Rewrite `init_components()` and `forward()` method. Explanations of parameters and outputs of the two methods are in [workers/baseworker.py](./workers/baseworker.py).
- Run `bash generate.sh`.
Click to expand
- Prepare the data in the format as shown in [data/anchor.json](./data/anchor.json), note that the key "unique_idx", "gen_model_id", and "answer" are required. Move your data under [data](./data/) folder.
- Modify the parameters in [evaluate.sh](./evaluate.sh), especially "model_name" and "model2_path".

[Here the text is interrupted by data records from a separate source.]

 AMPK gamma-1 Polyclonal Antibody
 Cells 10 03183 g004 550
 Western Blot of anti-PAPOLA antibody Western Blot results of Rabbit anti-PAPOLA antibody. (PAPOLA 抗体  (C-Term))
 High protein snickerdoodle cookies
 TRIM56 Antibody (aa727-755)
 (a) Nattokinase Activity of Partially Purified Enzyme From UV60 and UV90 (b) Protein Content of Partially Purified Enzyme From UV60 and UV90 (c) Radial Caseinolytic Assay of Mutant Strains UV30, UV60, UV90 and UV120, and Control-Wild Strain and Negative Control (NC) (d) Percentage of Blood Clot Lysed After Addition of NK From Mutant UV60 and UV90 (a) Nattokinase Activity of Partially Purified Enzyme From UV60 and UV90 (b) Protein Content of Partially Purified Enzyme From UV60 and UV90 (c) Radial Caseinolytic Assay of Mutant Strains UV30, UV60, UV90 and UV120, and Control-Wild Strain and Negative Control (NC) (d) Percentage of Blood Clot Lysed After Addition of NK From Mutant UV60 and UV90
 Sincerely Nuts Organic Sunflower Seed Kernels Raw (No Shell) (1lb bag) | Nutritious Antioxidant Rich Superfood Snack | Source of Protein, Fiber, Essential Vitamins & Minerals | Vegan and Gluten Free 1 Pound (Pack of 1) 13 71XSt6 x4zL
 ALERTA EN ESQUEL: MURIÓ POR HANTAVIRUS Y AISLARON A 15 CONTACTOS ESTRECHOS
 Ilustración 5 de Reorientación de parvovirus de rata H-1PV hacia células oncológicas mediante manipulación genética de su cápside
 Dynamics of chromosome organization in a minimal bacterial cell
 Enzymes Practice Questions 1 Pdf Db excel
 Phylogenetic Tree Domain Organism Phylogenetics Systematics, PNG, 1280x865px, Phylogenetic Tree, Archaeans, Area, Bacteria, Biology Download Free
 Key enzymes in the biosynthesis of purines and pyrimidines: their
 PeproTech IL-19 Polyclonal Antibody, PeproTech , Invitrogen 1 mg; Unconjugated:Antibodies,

- Put your OpenAI API key in [evaluate.py](./scripts/evaluate.py), please make sure you have access to model "gpt-4-vision-preview".
- Run `bash evaluate.sh`.
- NOTE: The per sample criteria are not provided for self-evaluate and this self-evaluation process is just used for your reference. If you wish your results to be displayed on the leaderboard, please refer to [Submission for Leaderboard](#submission-for-leaderboard).